It is a tradition of the Ljubljana International Biennial of Graphic Arts that it presents the Grand Prize winner of the previous event with a larger personal exhibition at the following Biennial. This year it is the turn of Richard Hamilton, the Grand Prize winner of the 23rd International Biennial of Graphic Arts. The exhibition has been prepared by the British Council.

The artist, who genially combines traditional lore and the latest technologies, is certainly one of the most innovative contemporary British artists. He has played a leading role in the development of contemporary art, starting back in the time of pop art in the late 1950s.

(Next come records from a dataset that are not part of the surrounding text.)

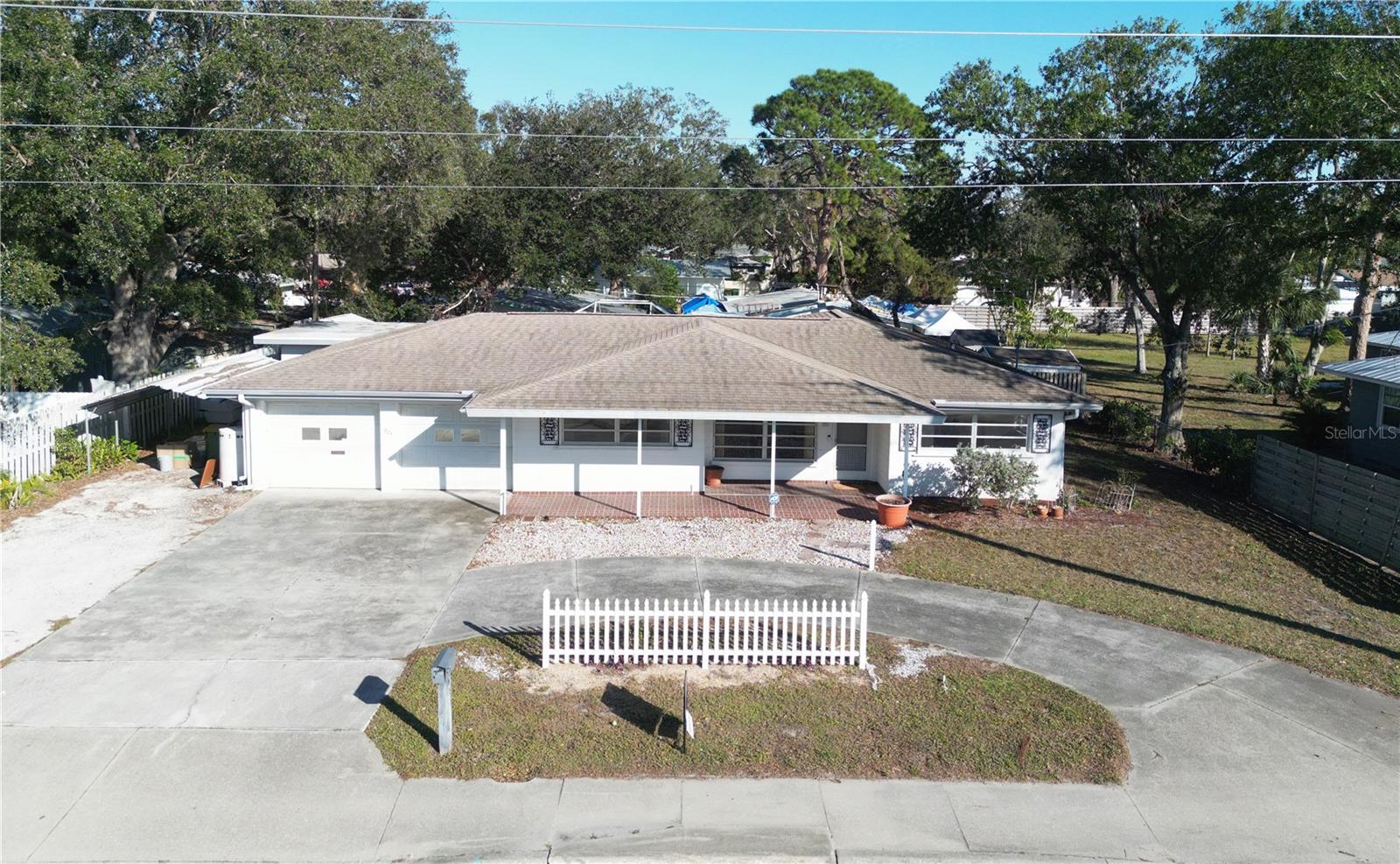 This is the One! *Discover this beautifully maintained 3-bedroom, 2-bath home, complete with a potential mother-in-law suite*Nestled in a fantastic location near the world-famous Pinecraft community and just minutes from vibrant Downtown Sarasota, this property is a true gem*Sitting on an oversized lot, the home features a circular driveway and a spacious 2-car garage. Enjoy the enclosed porch area—perfect for relaxing or entertaining guests*For outdoor enthusiasts, the nearby Legacy Trail offers endless opportunities for walking, jogging, or cycling while soaking in the beauty of nature*In addition to its unbeatable location, this home provides convenient access to top-rated schools, an array of restaurants, diverse shopping destinations, renowned medical facilities, I-75, stunning beaches, and abundant entertainment options*Embrace a lifestyle of convenience, leisure, and excitement! Don’t miss this incredible opportunity to make this exceptional property your own*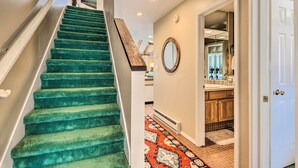 Un escalier recouvert d’une moquette verte mène à une pièce dotée d’un miroir et d’un sol carrelé.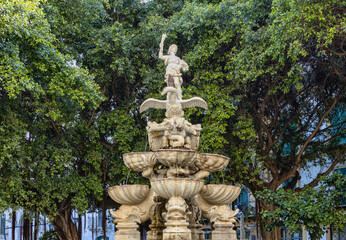 Obraz premium A baroque fountain in the shape of a pyramid, topped by the goddess of abundance riding an eagle while fighting the hydra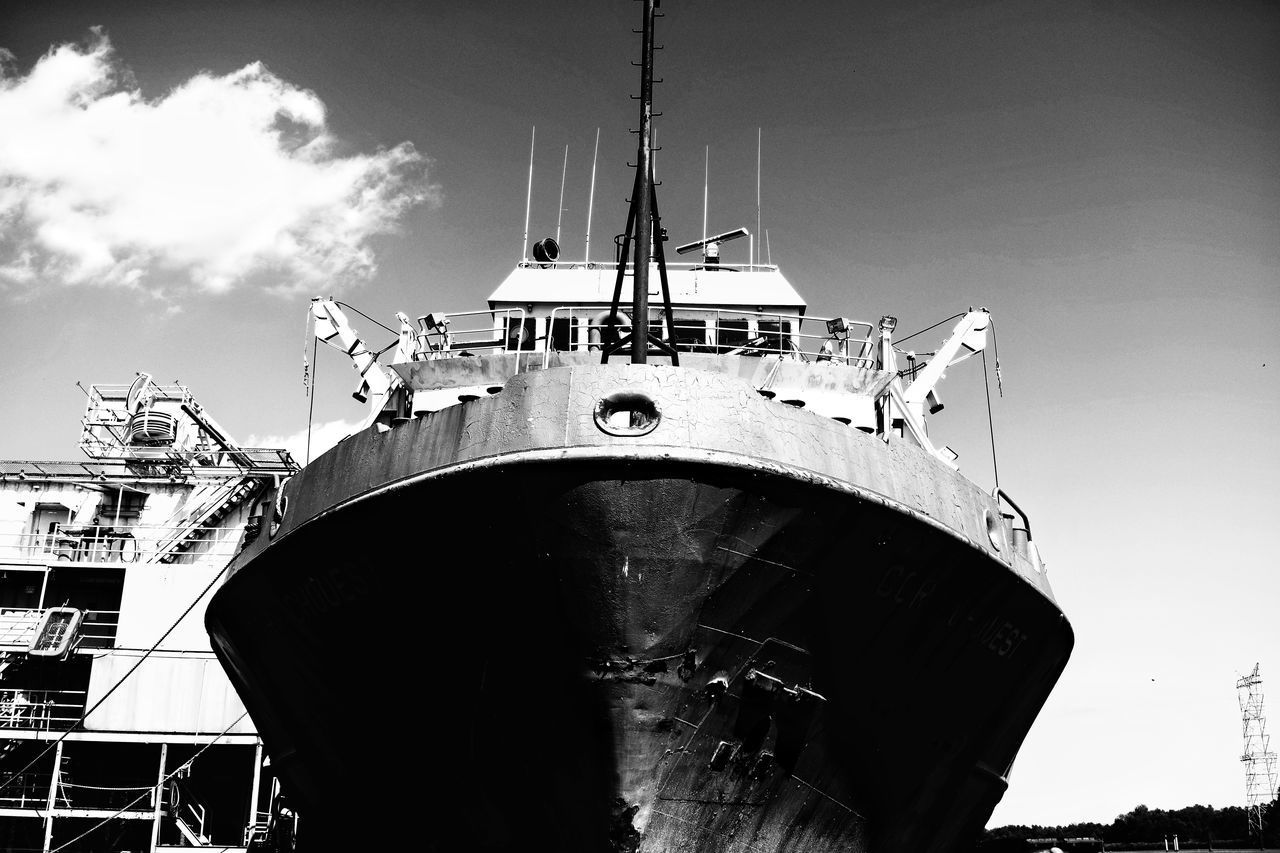 LOW ANGLE VIEW OF SHIP MOORED AT HARBOR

The Ljubljana retrospective exhibition conceived by Stephen Coppel from the British Museum focuses on the theme of Ulysses, a novel by the Irish writer James Joyce.

The exhibition presents a comprehensive creative segment of Hamilton's work dedicated to Joyce. These works on paper differ in terms of procedures and techniques. They show different phases, from initial sketches to final products, study drawings from the late 1940s, drawings, watercolours, etchings and computer graphic works.

Individual exhibited works, such as etchings from the 1980s, represent the peak of the artist's creativity. Hamilton's visualisation of Ulysses, which Hamilton might consider to be the 'book of all books', is an autonomous fine art metaphor that lives its own life independent of its literary source.